## Assignment:
Whenever a line in this data holds the word "Atlantic", report that line in full.

## Available data:

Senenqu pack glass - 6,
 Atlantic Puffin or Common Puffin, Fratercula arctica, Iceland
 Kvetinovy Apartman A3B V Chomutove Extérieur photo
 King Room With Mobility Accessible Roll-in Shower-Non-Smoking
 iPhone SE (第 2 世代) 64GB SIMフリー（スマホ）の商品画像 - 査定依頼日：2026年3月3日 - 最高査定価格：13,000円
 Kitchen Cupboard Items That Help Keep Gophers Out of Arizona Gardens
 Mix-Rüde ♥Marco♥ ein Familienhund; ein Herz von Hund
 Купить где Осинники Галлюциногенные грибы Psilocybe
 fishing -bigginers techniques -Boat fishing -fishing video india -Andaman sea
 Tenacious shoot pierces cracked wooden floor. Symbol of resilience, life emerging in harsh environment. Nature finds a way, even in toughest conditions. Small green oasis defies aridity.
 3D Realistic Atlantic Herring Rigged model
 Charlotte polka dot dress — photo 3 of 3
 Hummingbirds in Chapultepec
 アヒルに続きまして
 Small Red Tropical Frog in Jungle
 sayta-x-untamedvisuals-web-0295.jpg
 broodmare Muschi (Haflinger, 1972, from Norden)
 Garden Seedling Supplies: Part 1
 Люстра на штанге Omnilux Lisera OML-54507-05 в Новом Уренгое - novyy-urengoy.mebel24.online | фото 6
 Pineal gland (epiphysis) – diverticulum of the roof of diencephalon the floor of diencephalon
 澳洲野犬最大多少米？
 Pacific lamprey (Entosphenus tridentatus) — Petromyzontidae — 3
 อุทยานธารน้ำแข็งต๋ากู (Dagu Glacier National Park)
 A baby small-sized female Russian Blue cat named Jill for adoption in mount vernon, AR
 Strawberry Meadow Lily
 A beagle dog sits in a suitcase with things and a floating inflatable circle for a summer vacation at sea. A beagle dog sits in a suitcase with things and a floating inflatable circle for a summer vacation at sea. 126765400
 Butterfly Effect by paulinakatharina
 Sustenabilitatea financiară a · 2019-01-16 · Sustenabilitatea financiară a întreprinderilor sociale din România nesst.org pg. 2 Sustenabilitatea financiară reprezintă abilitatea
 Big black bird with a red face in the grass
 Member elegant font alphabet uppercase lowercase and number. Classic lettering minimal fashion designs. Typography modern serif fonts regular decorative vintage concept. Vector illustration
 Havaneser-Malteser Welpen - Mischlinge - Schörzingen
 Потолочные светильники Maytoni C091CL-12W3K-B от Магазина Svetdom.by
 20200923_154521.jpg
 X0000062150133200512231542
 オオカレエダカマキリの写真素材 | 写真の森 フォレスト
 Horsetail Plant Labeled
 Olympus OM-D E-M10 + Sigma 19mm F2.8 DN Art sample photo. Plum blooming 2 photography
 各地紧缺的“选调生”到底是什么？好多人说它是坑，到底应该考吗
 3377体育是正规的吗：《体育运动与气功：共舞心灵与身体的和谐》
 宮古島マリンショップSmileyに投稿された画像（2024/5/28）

## Written reply:
 Atlantic Puffin or Common Puffin, Fratercula arctica, Iceland
 3D Realistic Atlantic Herring Rigged model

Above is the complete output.